▶ TASK STATEMENT: Return the following from the records below: each line, word for word, starting with the line that contains "Harris Tweed Women" and going on through the line that contains "Cădiță de duș, negru, 90 x 90 cm, SMC", with nothing outside that range.

▶ DATA TO PROCESS:
···

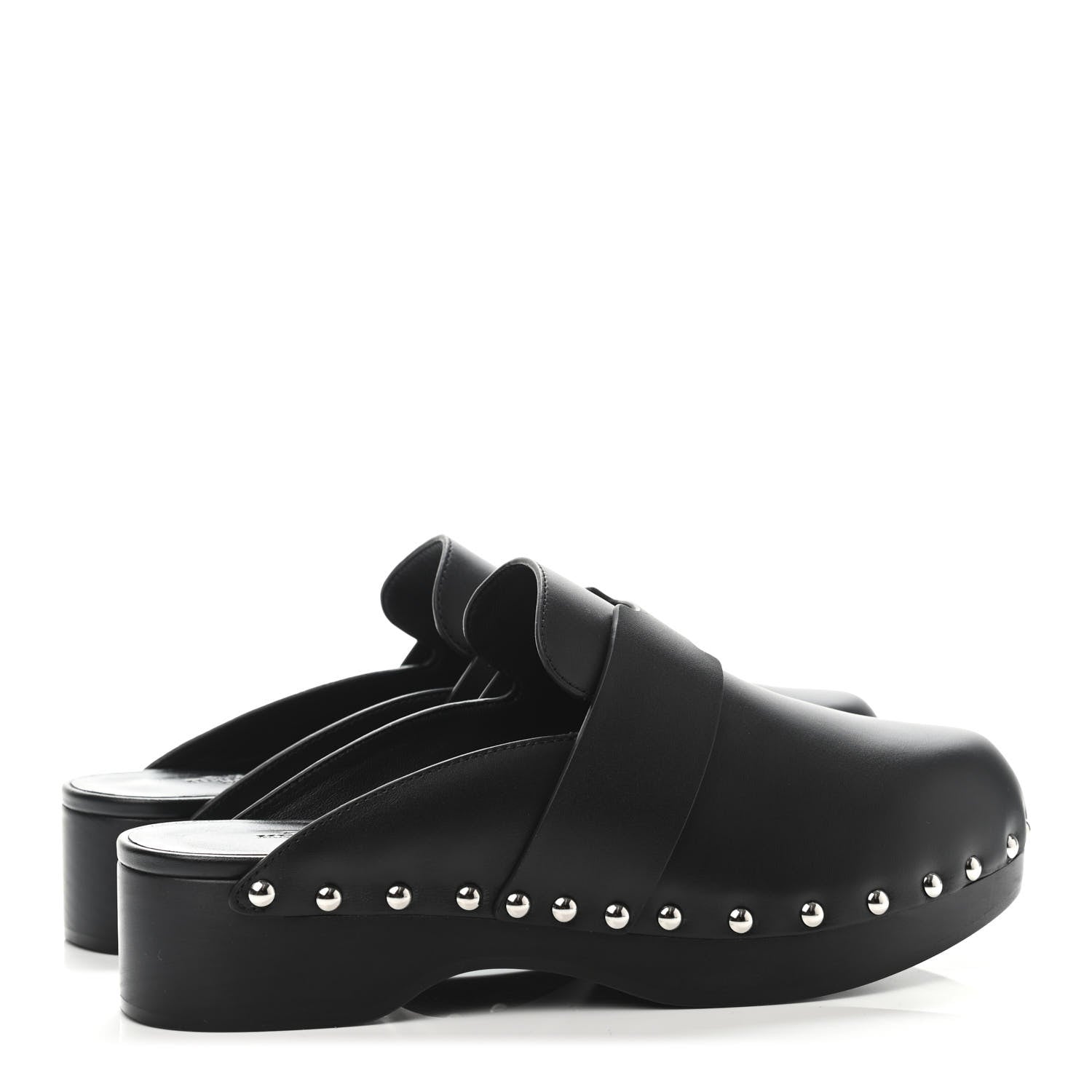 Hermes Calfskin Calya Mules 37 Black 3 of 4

···

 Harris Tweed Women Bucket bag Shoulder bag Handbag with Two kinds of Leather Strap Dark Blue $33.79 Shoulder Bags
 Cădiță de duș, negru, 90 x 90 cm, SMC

···

▶ TASK ANSWER:
 Harris Tweed Women Bucket bag Shoulder bag Handbag with Two kinds of Leather Strap Dark Blue $33.79 Shoulder Bags
 Cădiță de duș, negru, 90 x 90 cm, SMC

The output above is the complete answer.